*WHAT TO PRODUCE:*
For this exercise, please reproduce the records below word for word, from the first line through the line with "Svart Begagnad 2018".

*GIVEN DATA:*

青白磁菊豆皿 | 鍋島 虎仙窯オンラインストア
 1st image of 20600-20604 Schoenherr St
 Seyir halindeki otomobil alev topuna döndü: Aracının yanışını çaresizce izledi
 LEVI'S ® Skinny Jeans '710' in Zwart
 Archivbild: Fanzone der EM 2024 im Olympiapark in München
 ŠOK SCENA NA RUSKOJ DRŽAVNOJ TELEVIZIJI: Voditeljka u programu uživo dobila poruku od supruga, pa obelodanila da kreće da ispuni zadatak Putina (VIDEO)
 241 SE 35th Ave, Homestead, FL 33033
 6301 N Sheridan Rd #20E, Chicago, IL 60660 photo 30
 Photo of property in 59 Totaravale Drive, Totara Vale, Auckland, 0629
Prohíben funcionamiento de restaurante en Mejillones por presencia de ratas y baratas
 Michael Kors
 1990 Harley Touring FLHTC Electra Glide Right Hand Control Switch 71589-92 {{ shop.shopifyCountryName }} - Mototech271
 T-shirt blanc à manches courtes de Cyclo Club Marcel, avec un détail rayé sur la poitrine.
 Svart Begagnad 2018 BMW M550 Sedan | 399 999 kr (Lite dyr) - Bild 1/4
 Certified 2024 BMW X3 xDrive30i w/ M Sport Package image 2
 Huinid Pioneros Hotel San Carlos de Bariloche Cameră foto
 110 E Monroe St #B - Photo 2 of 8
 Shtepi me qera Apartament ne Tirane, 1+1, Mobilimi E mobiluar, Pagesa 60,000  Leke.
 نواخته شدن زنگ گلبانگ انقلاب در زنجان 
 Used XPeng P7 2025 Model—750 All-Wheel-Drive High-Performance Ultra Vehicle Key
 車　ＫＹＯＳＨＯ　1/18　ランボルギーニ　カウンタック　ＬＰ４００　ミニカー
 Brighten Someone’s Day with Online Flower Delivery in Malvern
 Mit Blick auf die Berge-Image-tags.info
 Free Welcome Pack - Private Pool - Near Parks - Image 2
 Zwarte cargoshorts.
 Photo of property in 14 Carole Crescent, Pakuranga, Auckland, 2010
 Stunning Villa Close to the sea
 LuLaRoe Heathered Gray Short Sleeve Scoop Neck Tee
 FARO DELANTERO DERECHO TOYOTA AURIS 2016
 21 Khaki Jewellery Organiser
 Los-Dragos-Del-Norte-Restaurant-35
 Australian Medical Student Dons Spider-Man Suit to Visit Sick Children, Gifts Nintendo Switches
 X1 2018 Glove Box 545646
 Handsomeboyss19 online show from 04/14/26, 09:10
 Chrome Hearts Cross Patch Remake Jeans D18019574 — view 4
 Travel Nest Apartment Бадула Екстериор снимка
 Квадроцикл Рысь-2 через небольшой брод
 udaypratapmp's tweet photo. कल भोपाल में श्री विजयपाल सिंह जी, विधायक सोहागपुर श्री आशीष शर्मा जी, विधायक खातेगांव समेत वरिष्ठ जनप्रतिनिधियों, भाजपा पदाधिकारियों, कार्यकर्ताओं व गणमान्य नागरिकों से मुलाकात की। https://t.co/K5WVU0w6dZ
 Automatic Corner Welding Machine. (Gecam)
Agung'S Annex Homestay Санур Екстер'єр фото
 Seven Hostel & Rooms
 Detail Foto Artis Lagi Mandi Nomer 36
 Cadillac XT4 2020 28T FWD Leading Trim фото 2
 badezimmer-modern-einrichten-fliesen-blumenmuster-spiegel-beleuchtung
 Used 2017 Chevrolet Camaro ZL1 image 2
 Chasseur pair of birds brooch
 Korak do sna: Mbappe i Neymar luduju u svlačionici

*RESULT OF THIS EXERCISE:*
青白磁菊豆皿 | 鍋島 虎仙窯オンラインストア
 1st image of 20600-20604 Schoenherr St
 Seyir halindeki otomobil alev topuna döndü: Aracının yanışını çaresizce izledi
 LEVI'S ® Skinny Jeans '710' in Zwart
 Archivbild: Fanzone der EM 2024 im Olympiapark in München
 ŠOK SCENA NA RUSKOJ DRŽAVNOJ TELEVIZIJI: Voditeljka u programu uživo dobila poruku od supruga, pa obelodanila da kreće da ispuni zadatak Putina (VIDEO)
 241 SE 35th Ave, Homestead, FL 33033
 6301 N Sheridan Rd #20E, Chicago, IL 60660 photo 30
 Photo of property in 59 Totaravale Drive, Totara Vale, Auckland, 0629
Prohíben funcionamiento de restaurante en Mejillones por presencia de ratas y baratas
 Michael Kors
 1990 Harley Touring FLHTC Electra Glide Right Hand Control Switch 71589-92 {{ shop.shopifyCountryName }} - Mototech271
 T-shirt blanc à manches courtes de Cyclo Club Marcel, avec un détail rayé sur la poitrine.
 Svart Begagnad 2018 BMW M550 Sedan | 399 999 kr (Lite dyr) - Bild 1/4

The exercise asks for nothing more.